Melanie Janzen, The University of Manitoba

Dr. Melanie Janzen (she/her) is a professor in the Department of Curriculum, Teaching and Learning in the Faculty of Education at the University of Manitoba. She is a settler living and working in Winnipeg, on Treaty One Territory and homeland of the Red River Métis. Melanie’s research uses critical perspectives to explore the inter-related workings of power and discourses and how these affect the experiences of classroom teachers, the ongoing marginalization of children, and the undermining of public education. She is a coauthor of the recently published book, Feeling Obligated: Teaching in Neoliberal Times. Prior to becoming an academic, Melanie was an early years classroom teacher and a learning support teacher.

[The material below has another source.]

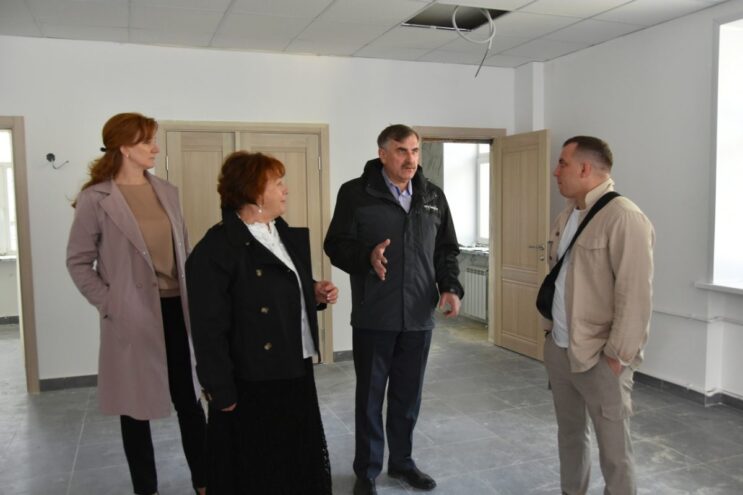 В Вышневолоцком округе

Christine Mayor, University of Manitoba

Dr. Christine Mayor (she/her) is a white settler born and raised on the island of Bermuda, now living on the traditional territory of the Cree, Anishinaabe, Ojibwe-Cree, Dakota, and Dene Peoples and the homeland of the Métis nation also known as Winnipeg, Canada. Christine is an Assistant Professor in the Inner-City Social Work Program in the Faculty of Social Work, University of Manitoba. Her critical scholarship focuses on educational equity, anti-racism, trauma, and the role of the arts in healing and organizing. In her professional career, she worked as a drama therapist and trauma therapist, running trauma-centered programming in K-12 schools in Connecticut.

Hafizat Sanni-Annibire, University of Manitoba

Hafizat Sanni-Anibire (she/her) is a PhD student at the University of Manitoba specializing in critical childhood studies and migration. With a background as an early years educator in Nigeria, her research explores how Black African immigrant children navigate identity, belonging, and agency in Canadian school settings. She examines the intersection of race, migration, and childhood, challenging deficit-based narratives and emphasizing children's active role in constructing meaning. Hafizat's work centers children's voices, recognizing them as agents in shaping their social worlds and negotiating identity within complex contexts. Her research is informed by her cross-cultural experiences in Nigeria, Canada, and Saudi Arabia, providing a rich perspective on migration, systemic inequities, and transnational childhoods. Committed to social justice, Hafizat's scholarship is committed to rethinking childhood as a site of agency, possibility, and social transformation and advancing a more just and equitable present and future for young children.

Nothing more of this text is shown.